Data segment below:
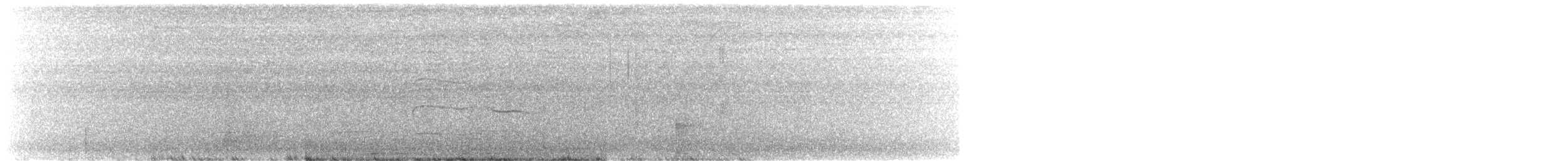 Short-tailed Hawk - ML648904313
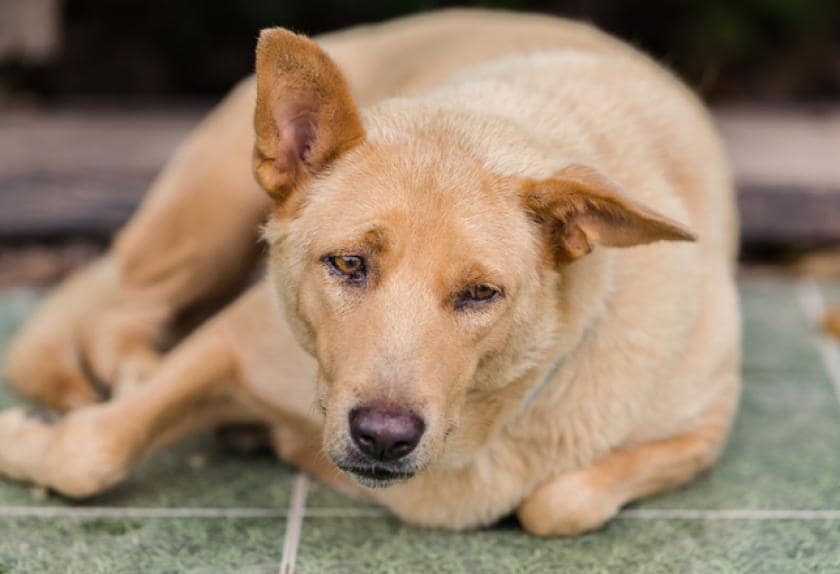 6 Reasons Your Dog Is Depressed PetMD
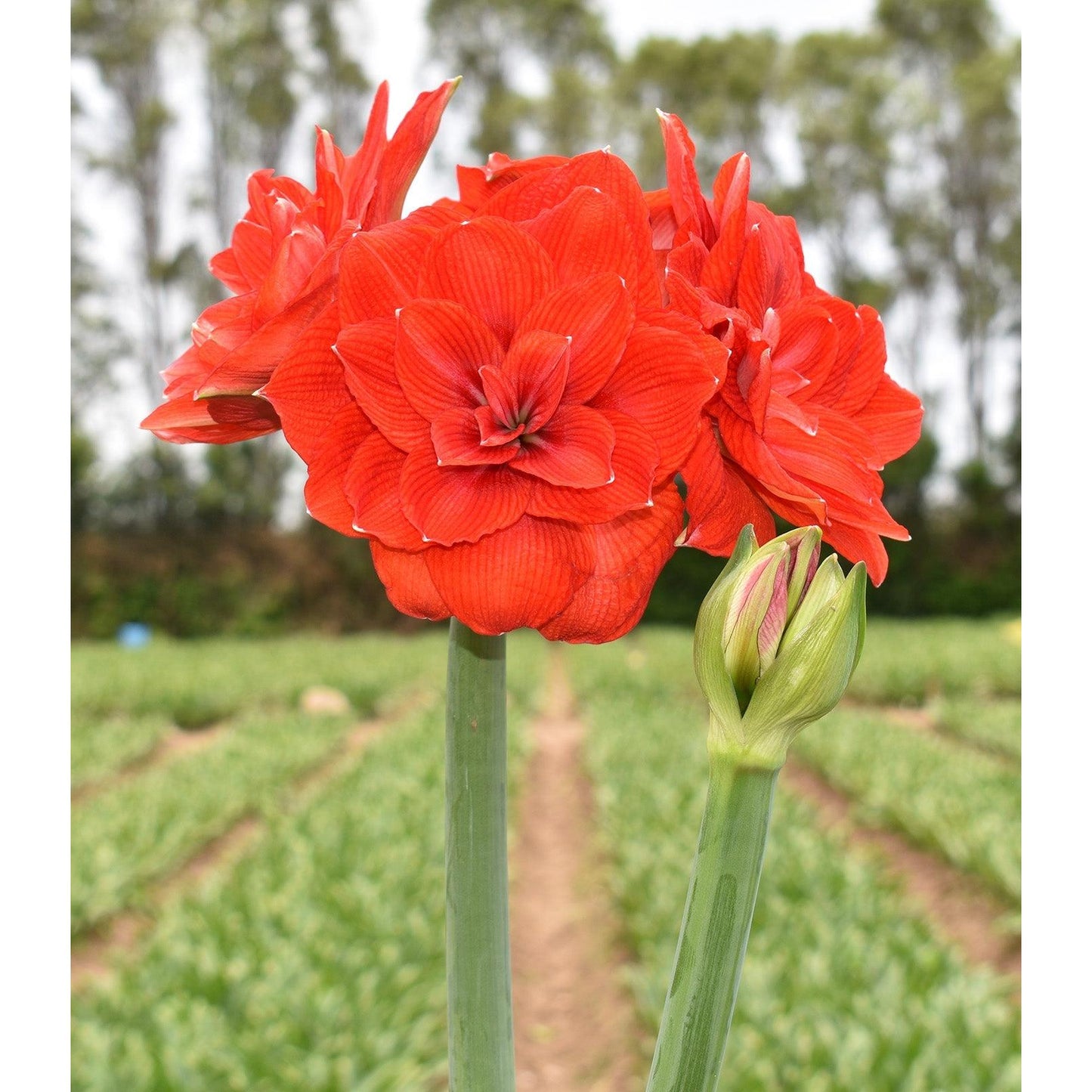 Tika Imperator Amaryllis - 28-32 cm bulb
End of Data segment.
Goal of the exercise:
Restate the data word for word while omitting each picture.

Solution for this problem:
 Short-tailed Hawk - ML648904313
 6 Reasons Your Dog Is Depressed PetMD
 Tika Imperator Amaryllis - 28-32 cm bulb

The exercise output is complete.